Losurdo underscores that such arguments were not marginal but formed a widespread consensus among European and American elites. Even progressive politicians and intellectuals maintained that the working class required tutelage. This was not only an abstract philosophical position but a practical strategy: it justified a host of institutional arrangements—weighted voting, indirect elections, and appointed second chambers—to counterbalance direct democracy.
He then traces how these ideas permeated popular culture and the press. Newspapers, novels, and political speeches regularly depicted workers and peasants as easily swayed by demagogues or as too ignorant to understand their own interests. Losurdo provides examples of polemics that described universal suffrage as a perilous experiment, akin to handing firearms to children. Such imagery reinforced paternalistic attitudes while naturalizing class hierarchies.
The chapter moves to discuss the emergence of mass political parties in this context. Even as suffrage expanded, parties claiming to represent the people often became vehicles for the same “tutoring” mission. Losurdo illustrates how liberal and conservative parties alike relied on patronage networks, symbolic appeals, and top-down leadership to channel and contain popular energies. In particular, he focuses on the role of charismatic leaders, who claimed to interpret the true will of the people but, in practice, monopolized political initiative.
He devotes considerable attention to the development of plebiscitary techniques. The referenda and popular consultations under Napoleon III, for instance, are analyzed as examples of how “direct democracy” could be used to ratify authoritarian power. In this system, the electorate was offered a stark choice—accept the ruler’s proposal or be cast as enemies of order. Losurdo emphasizes that such practices anticipated later forms of Bonapartism, where universal suffrage became an instrument for manufacturing consent rather than genuine deliberation.
In closing, Losurdo reflects on the enduring legacy of this tradition. The idea that the masses must be guided by a more enlightened elite did not disappear with the decline of classical liberalism. On the contrary, it was incorporated into new forms of managerial and technocratic governance, as well as populist movements that claim to bypass institutions in the name of the people but ultimately concentrate power in the hands of a single figure or clique.
Key Points from Chapter 2
- The expansion of suffrage was accompanied by ideological frameworks that portrayed the masses as childish and in need of tutelage.

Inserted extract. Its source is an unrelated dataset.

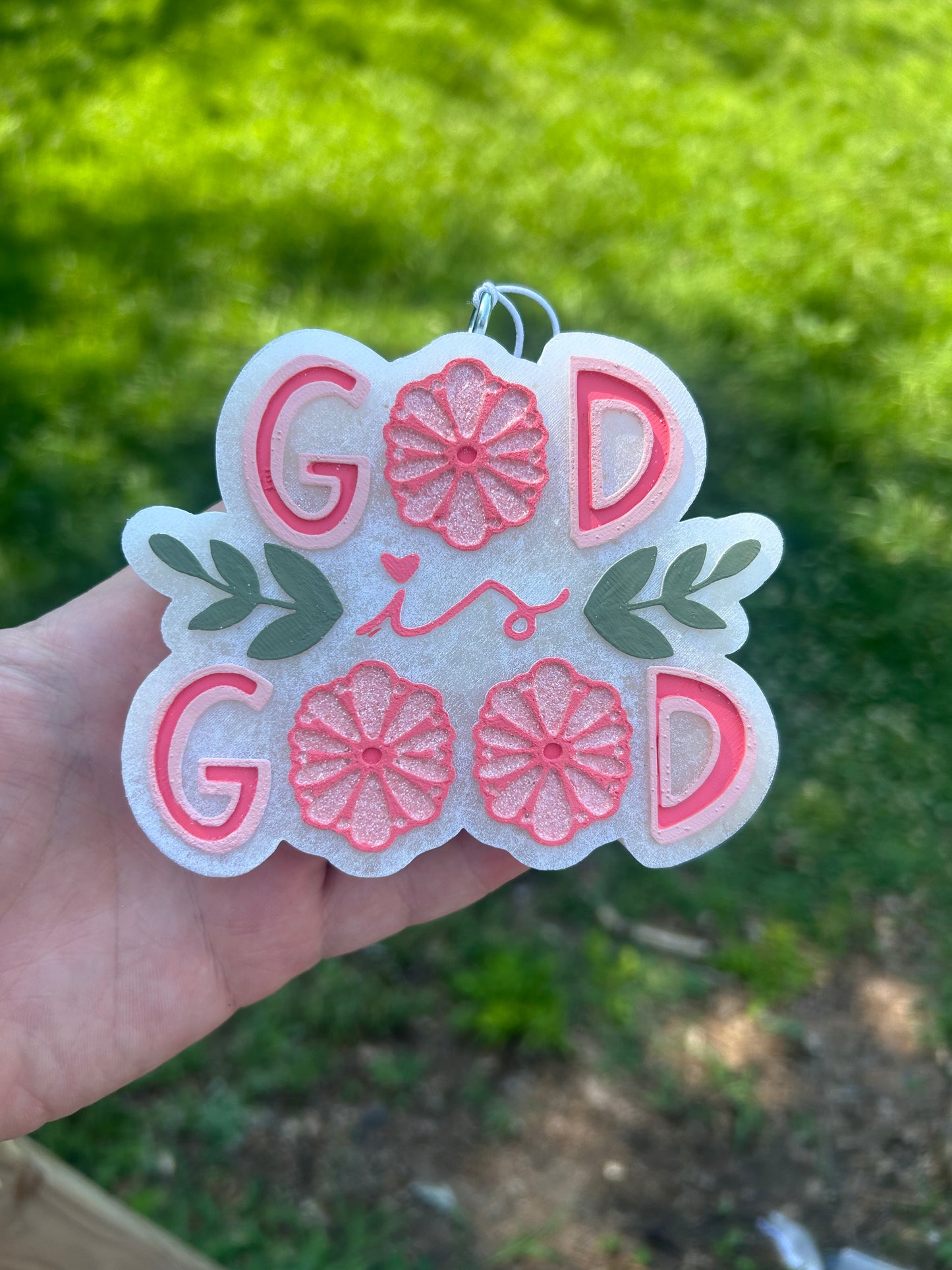 God is Good Turquoise Mold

- Prominent liberal thinkers like Tocqueville and Mill provided intellectual justifications for paternalistic controls.
- Institutional designs such as weighted voting and indirect elections were intended to limit the democratic impulse.
- Mass parties and charismatic leaders became tools to channel and neutralize popular participation.

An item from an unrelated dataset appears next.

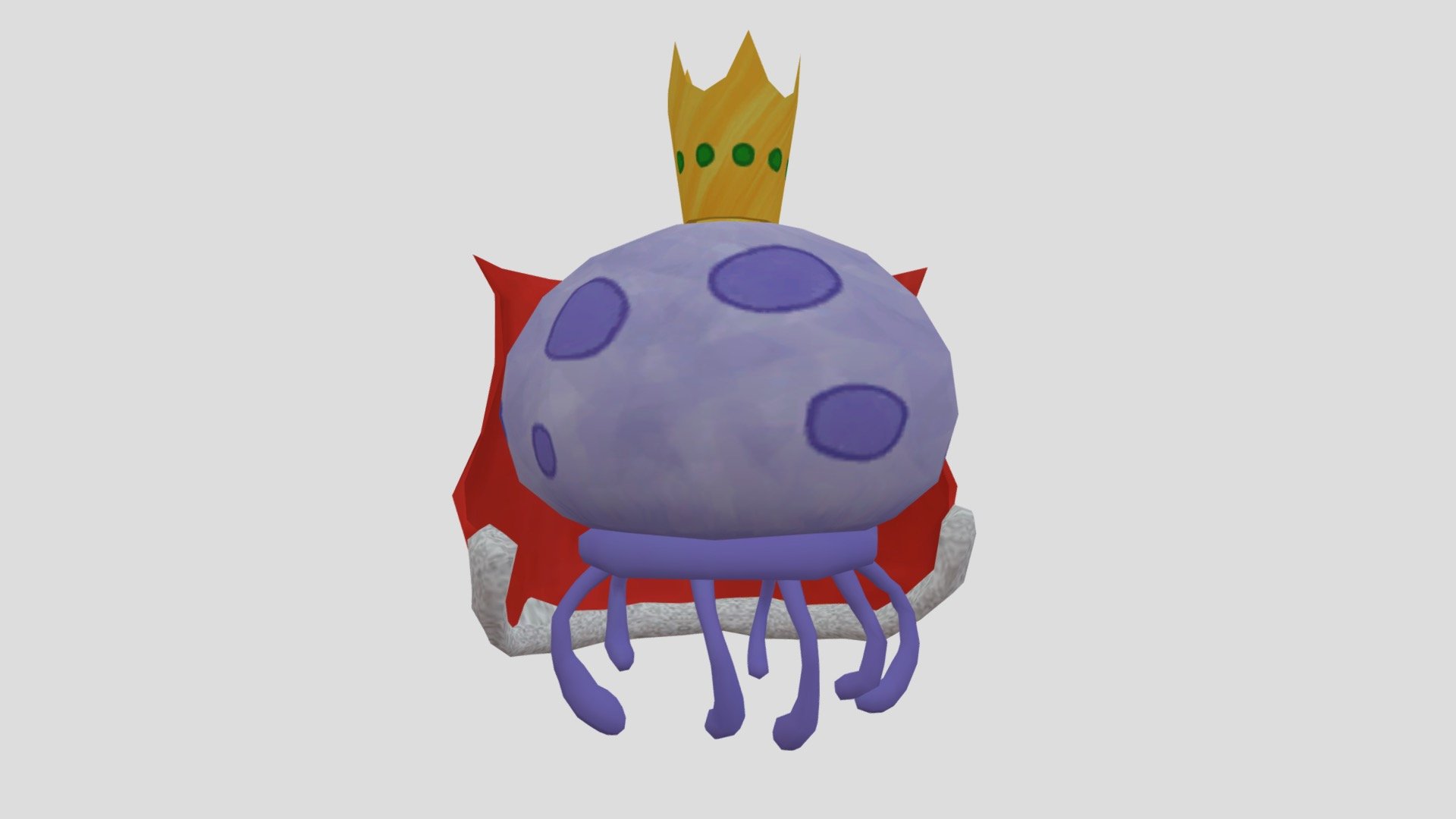 King Jellyfish BFBB Animation - Download Free 3D model by SMF Features ...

- Plebiscitary practices—especially under Napoleon III—demonstrated how universal suffrage could be manipulated to legitimize authoritarian regimes.
- The trope of the “childlike multitude” persists in modern managerial and populist politics.

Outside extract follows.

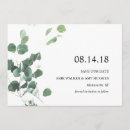 Search for greenery save the dates Simple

Chapter 3 – An Alternative to Property Qualifications: The Origins of Bonapartism, from America to France
Losurdo opens this chapter by exploring how Bonapartism emerged as a political solution to the contradictions of universal suffrage. He argues that while property qualifications had previously restricted voting to the propertied classes, Bonapartism offered an alternative: maintaining elite rule not by exclusion, but by organizing mass consent around charismatic leadership and plebiscitary mechanisms.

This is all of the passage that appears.